Borough Secretary Kira Michalik said the borough office received no reports of major damages although Ludlow Park had some downed branches, a small tree near the Little League field was partially uprooted and some trees near the cemetery had minimal damages.

While the borough office received no reports of power loss, as of early this morning PPL's website showed 21 residents without power in the borough, indicating the outage was in the vicinity of Mountaintop Road.


Hurricane Irene's high winds causes downed trees and power lines that resulted in widespread power outages in Schuylkill County but fortunately, Tamaqua escaped flooding or any long-term power outages.

Rush Township

The sustained 30-50 MPH winds from the storm, which tore numerous branches off trees, caused some power disruption. Power was restored to residents at 5:30 a.m. today.


A canal lock spillway collapsed Sunday due to its age and heavy rains. It was Lock #23 at the Walnutport Canal Locktenders house, which is the first lock south of the Slatington bridge.

West Penn Township

A West Penn Township firefighter, whose name was not released, was hurt as he helped clean up a tree that had fallen on a road.

Franklin Township

Township secretary Sandra Gaumer said that the Franklin Township road crew was working this morning clearing trees that had come down from the storm.

Chestnuthill Township

Township manager Dave Albright, says the township transfer station has no power and is closed.
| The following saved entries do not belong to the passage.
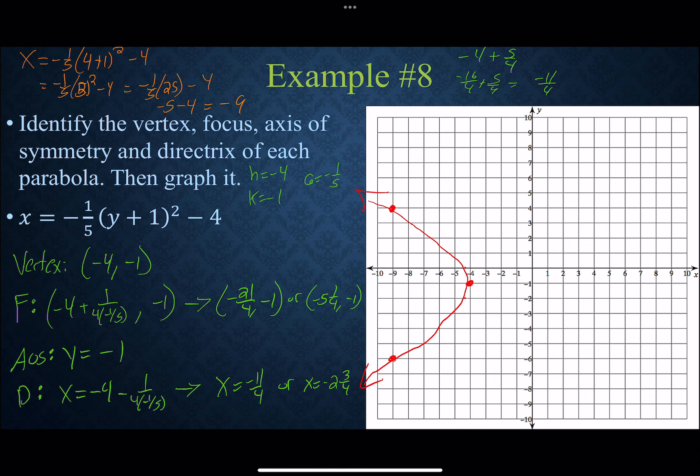That covers all our conic sections: circle, ellipse, hyperbola, and parabola. Next, we'll explore how to classify them using the general equation and what's called the discriminant to figure out which conic section we're dealing with just by looking at the equation. That will be the last topic in unit eight.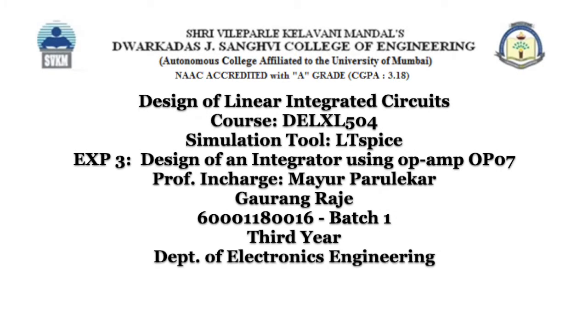Hello everyone, this is Gaurant Rajay and in this video we'll be looking at the schematic for op-amp integrator.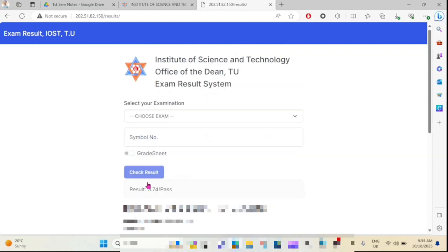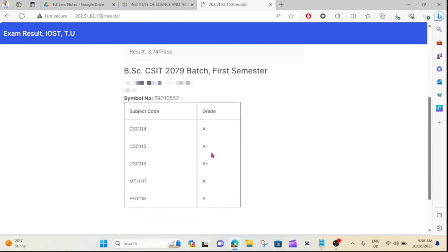So if you have a check result, you can see the information displayed on the screen.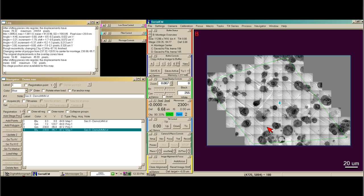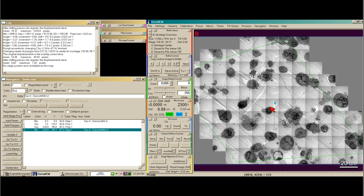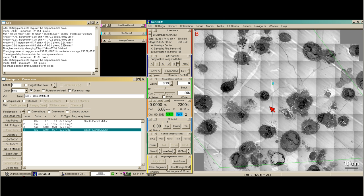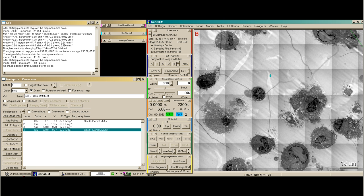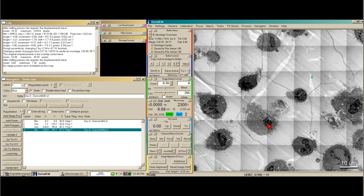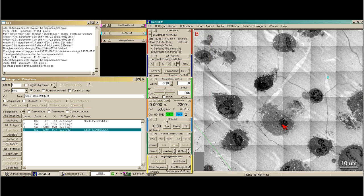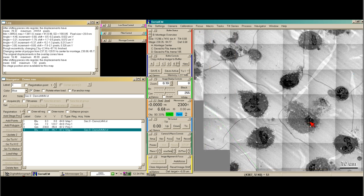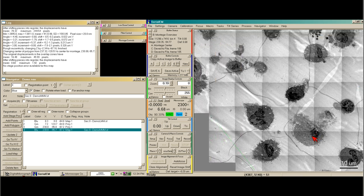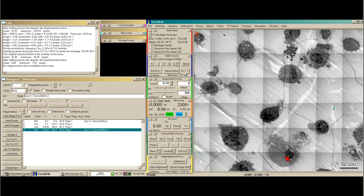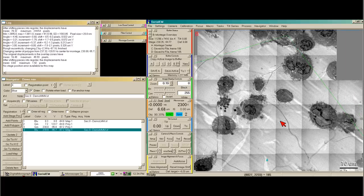We are going to auto-acquire some points. Using the plus key on my keyboard, I'm going to zoom into the map and look for areas of interest. By left-clicking and holding down, I can drag the map to wherever I want at this higher zoom.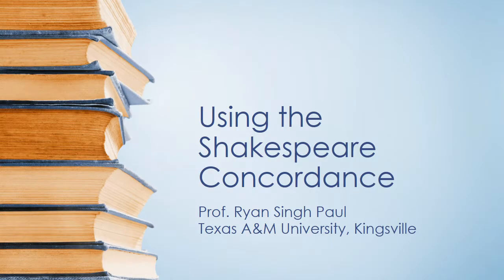Hello students, this is Professor Ryan Paul and in this lecture I'm going to introduce you to the Shakespeare Concordance, which is a very useful tool for researching and writing about Shakespeare and also is what you'll use for this week's writing assignment.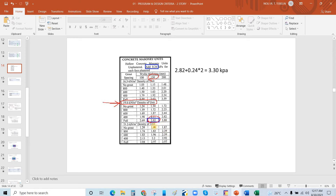We will use 2.82 KPA. We then add 0.24 KPA for 25mm plaster at both sides — unplastered plus 0.24 KPA for each plastered face. So we have 2.82 + (0.24 × 2), giving us 3.3 KPA.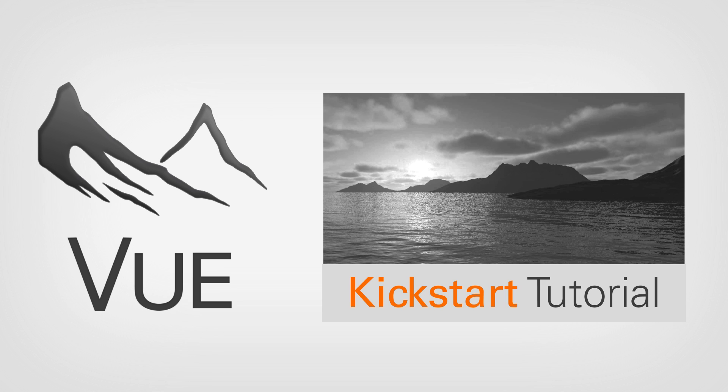Hi, this is Aya from Eon Software. I'm going to do a quick kickstart tutorial on Vue. This is for those who have never used Vue before and perhaps other 3D software as well. Okay, so let's get started.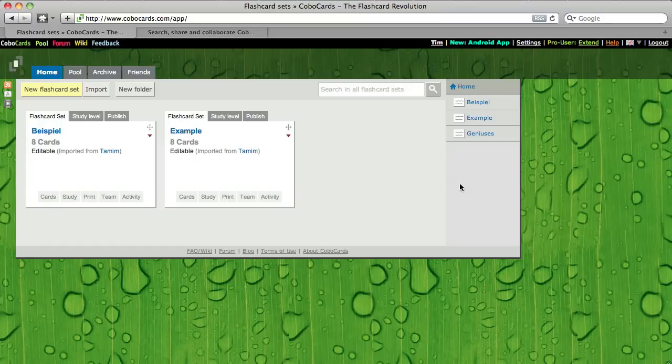My name is Timim and I'm going to show you how you can use CoboCards. The first thing I have to do is to create my new flashcard set.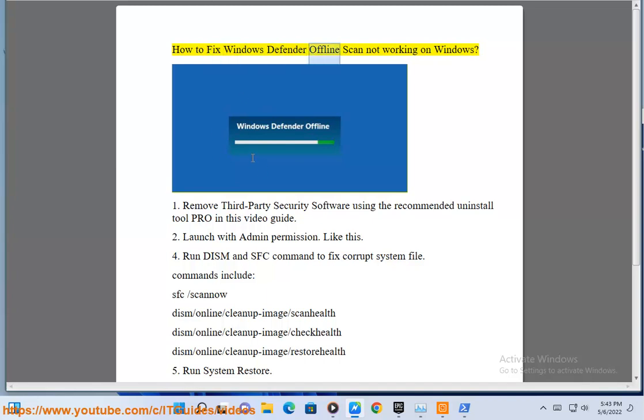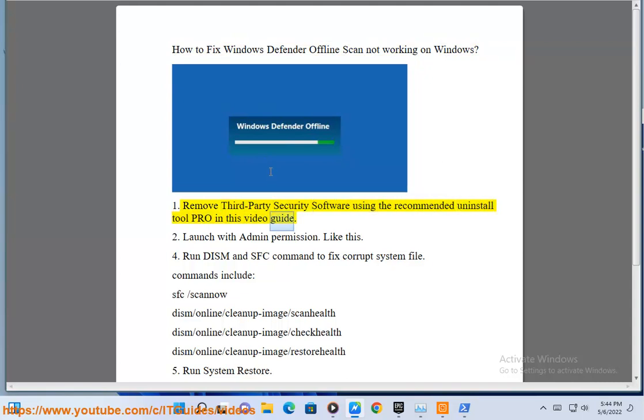How to fix Windows Defender Offline Scan not working on Windows. Step 1: Remove third-party security software using the recommended Uninstall Tool Pro, as shown in this video guide.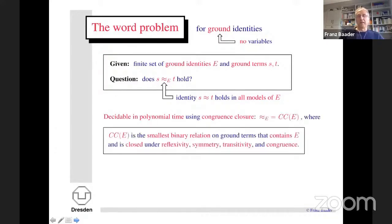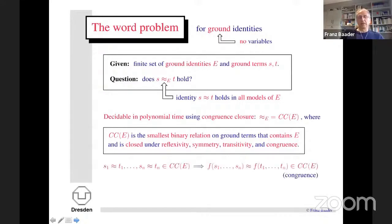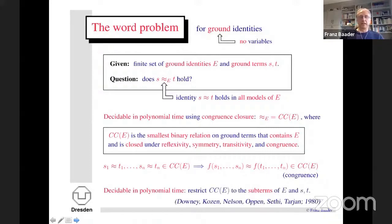What is congruence closure? We can show that the relation equal-E is the same as the congruence closure of E, obtained by starting with E and closing it under reflexivity, symmetry, transitivity, and congruence. The congruence rule says: if S1 equals T1 through Sn equals Tn, and we have an n-ary function symbol, we can wrap it around the tuples to get equivalent terms. One can show it suffices to restrict congruence closure to the subterms of E and the terms S and T we want to compare.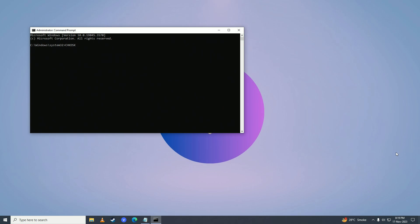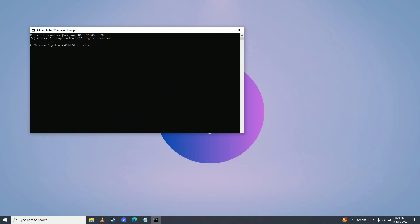Then press space, put in a slash and write F, then again space, press slash again and write R. Then press enter, and command prompt will scan your drive and fix the errors.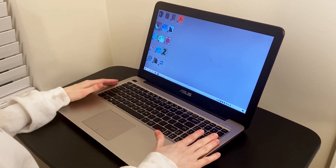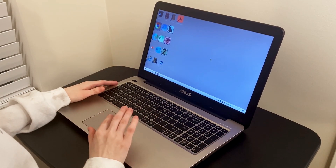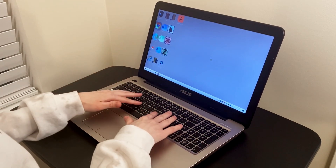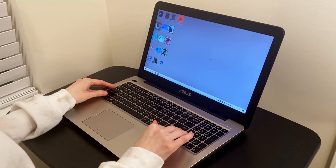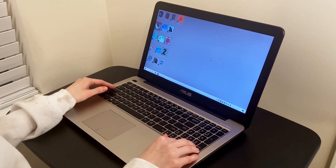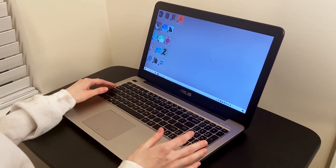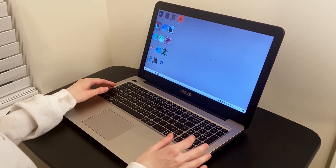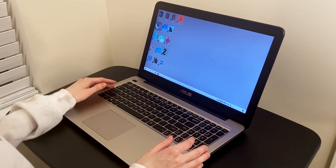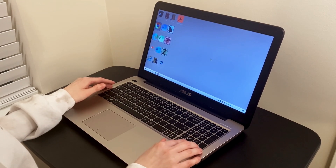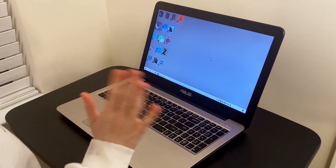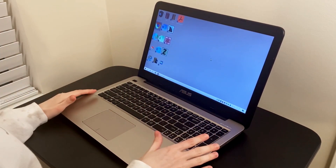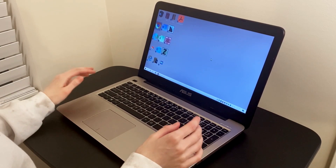I don't use a mouse at all because I can't see it, so everything I do I just use the keyboard. There are keyboard commands that are specific to JAWS, and then there are a bunch that are just Windows key commands that anyone — even sighted people — can use without a screen reader. You may be familiar with Ctrl+C to copy and Ctrl+V to paste. There are actually tons and tons of keyboard commands, but like I said, I'm just going to go over the basics.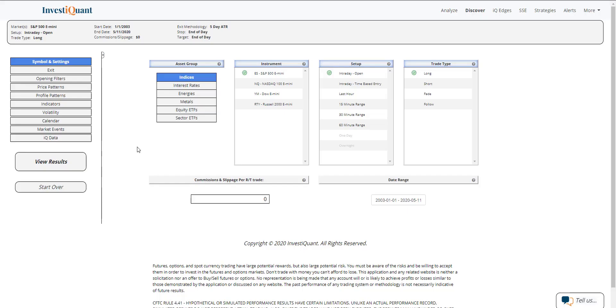Hey, this is Matt from InvestQuant. Today is Monday, May 11th, 2020.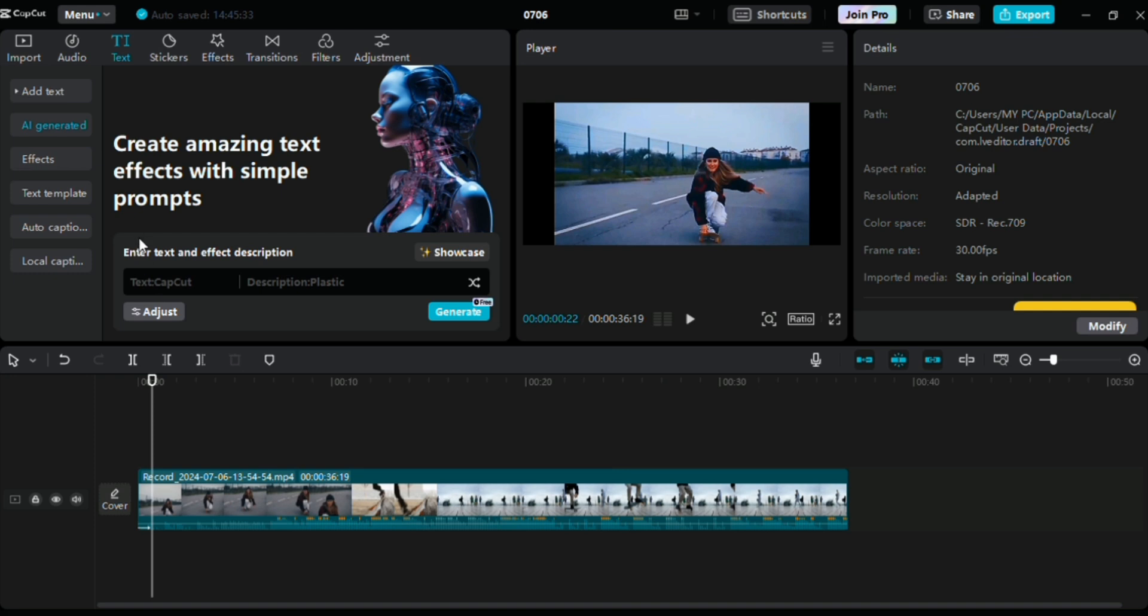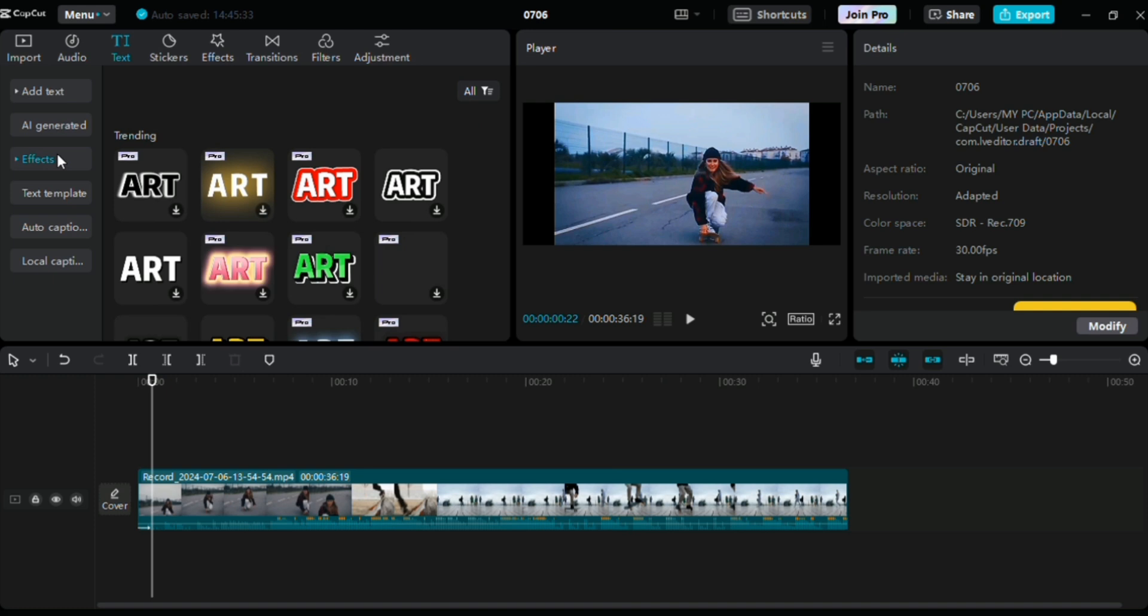Unfortunately this video stock video that I have doesn't have any speaking video, but if you have a video where you're narrating, it's absolutely beautiful. Just click here on this generate right here and voila, you're good to go.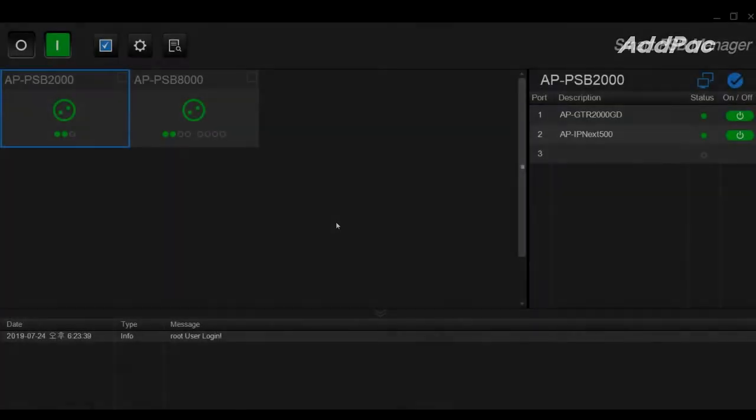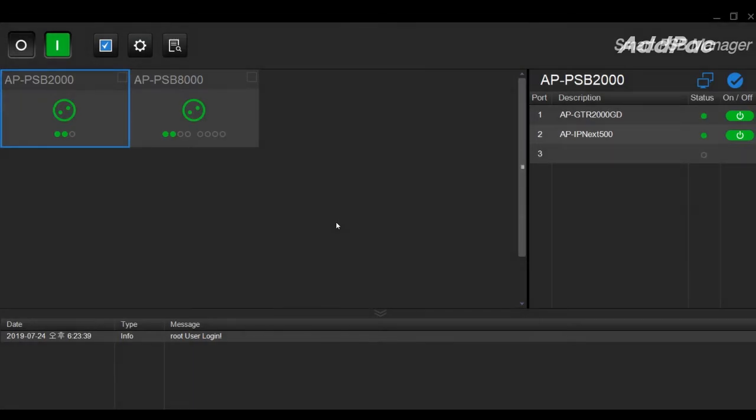This is a demonstration about remote power control for overall power switching boxes using Smart PSB management software.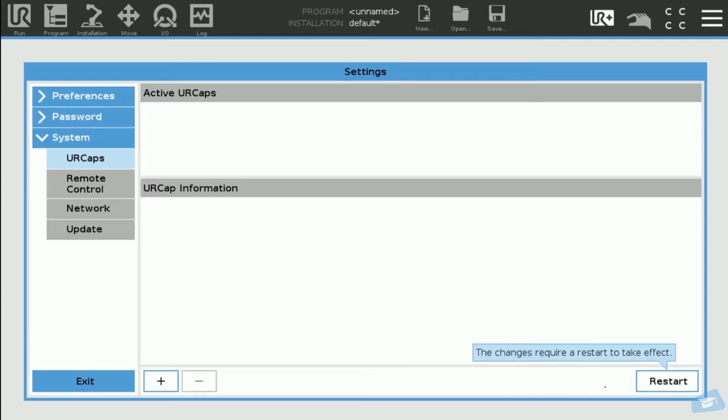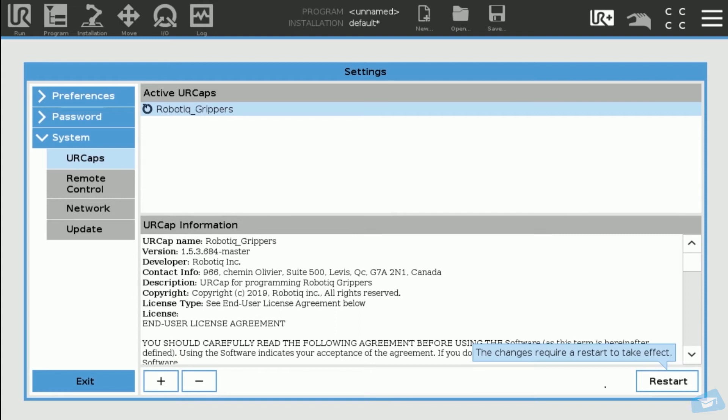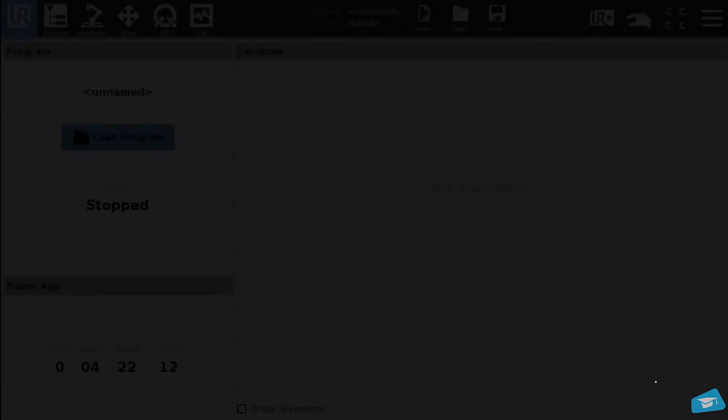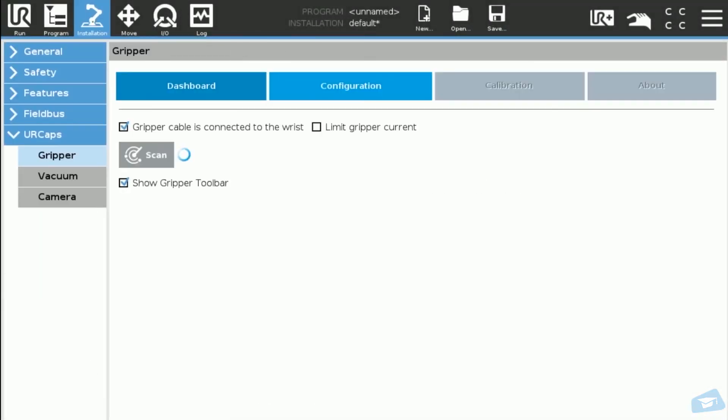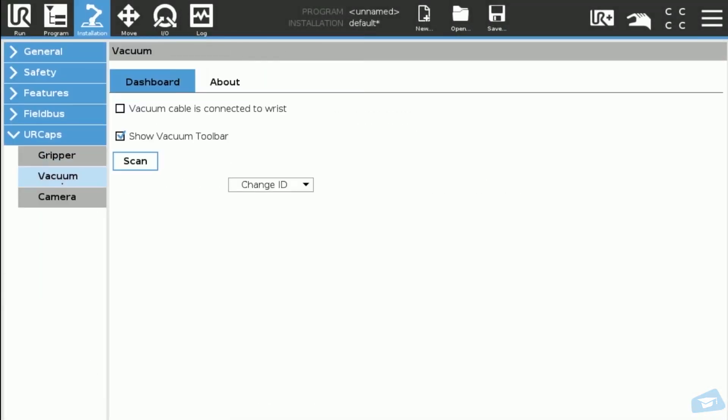Restart the robot software to complete the installation. In order to activate the Vacuum Gripper, tap the Installation button. Select the Vacuum button under UR Caps. Tick all the boxes indicating that the Vacuum Gripper is connected to the robot wrist.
About 850 people were without power on Sunday with many trees reported down.

Polk Township

Supervisor Nancy May says a resident of Beltzville Road reported that many trees were on lines and that the residents of that area are without power. She was told it might not be restored until Sept. 1.

Eldred Township

Supervisor Sharon Solt reported a tree down on Fiddletown Road that caused the road to be closed Sunday and Clair Borger, supervisor and roadmaster reported about 20 trees down in the township which road crews were able to clear Sunday.